Still the doubts that last year surrounded the above-mentioned weak King Digital’s IPO inevitably affect the current transaction: (i) the company’s rigid, although decreasing, financial dependence on the Candy Crush Saga, (ii) its inability to launch another Candy Crush Saga-sized hit, and (iii) the increase of competition from many mobile gaming companies which try to replicate the success of King Digital. These concerns worry the market and Activision’s shareholders. In fact, Activision’s the stock price lose over 6% in the last trading day after the initial rally that followed the announcement.
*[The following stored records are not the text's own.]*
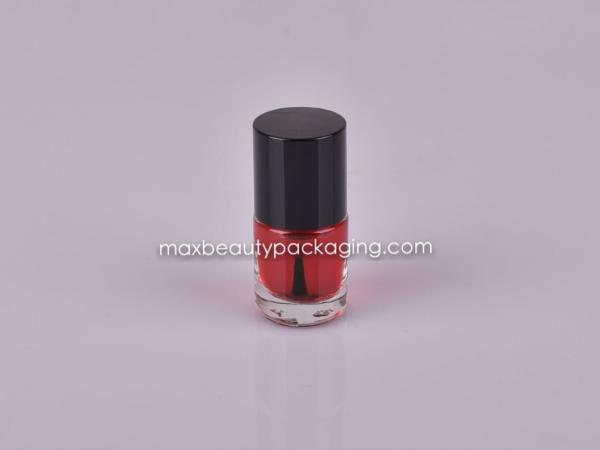 shiny black round straight nail polish cap 8ml round nail polish bottle plastic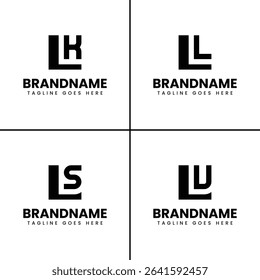 Letters LK LL LS LU Monogram Logo Set, for LK KL LL LS SL LU UL initials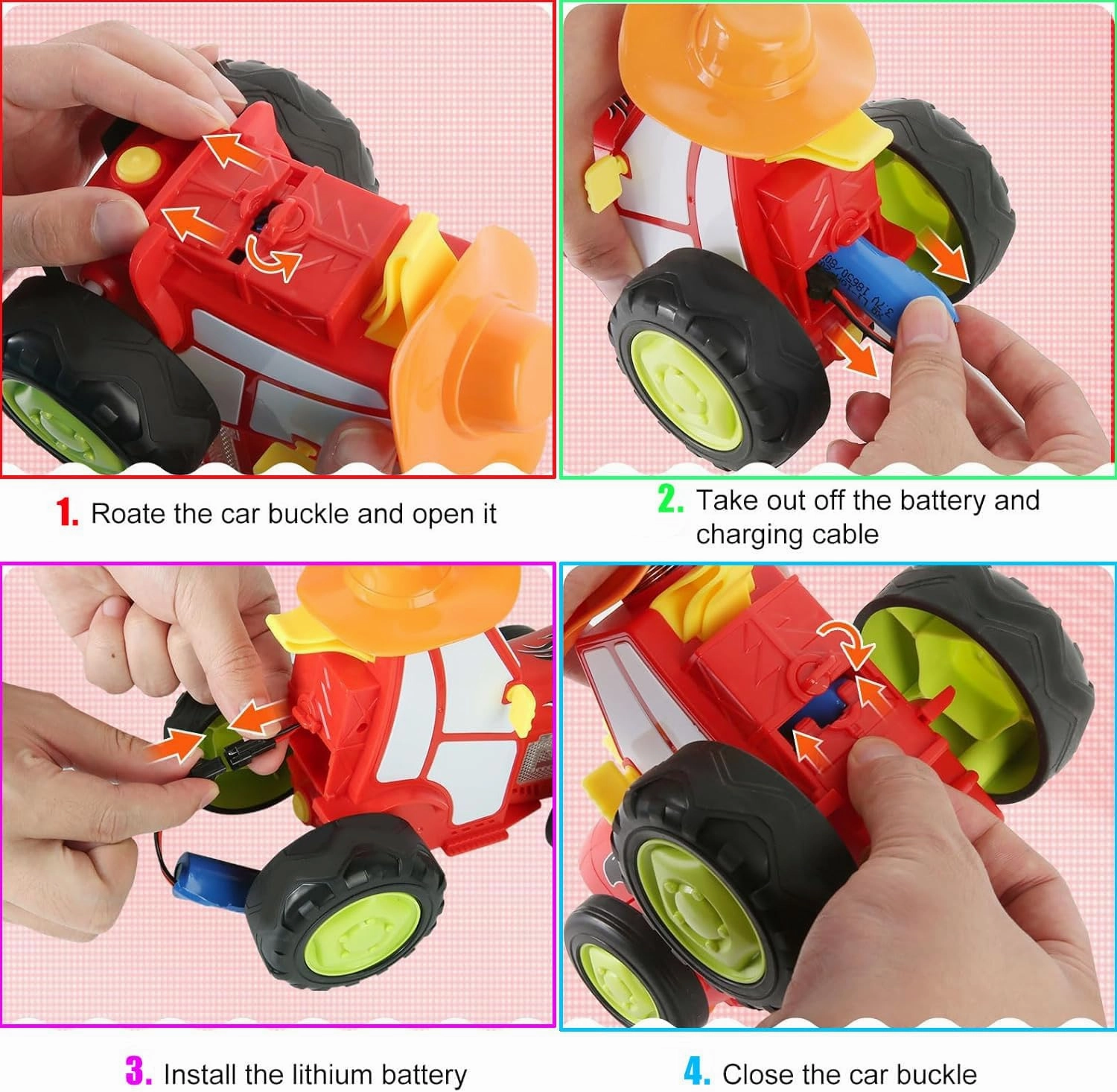 GoolRC Crazy Jumping RC Stunt Car With Music Lights - Rechargeable Remote Control Rocking Toy for Kids, Christmas Birthday Gift for 4-12 Boys Girls (Yellow)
Moreover, it’s also worth noting that the arrival of social networks and smartphones heavily affected the gaming industry and it is quite difficult to state what will be the successful business model for next years. There are other segments of gaming industry which are growing fast: Virtual Reality, in which Facebook and Sony made heavy investments and Esports where players compete in organized tournaments which could be a potential platform for advertisers. These could be threats for Activision and King, given that the barriers to exit in mobile gaming industry do not play a significant role.

The success of the deal is conditional on the approval of King Digital Entertainment’s shareholders and of the relevant antitrust authorities. Goldman Sachs and Bank of America Merrill Lynch advised Activision Blizzard on the deal, while King Digital was advised by J.P. Morgan.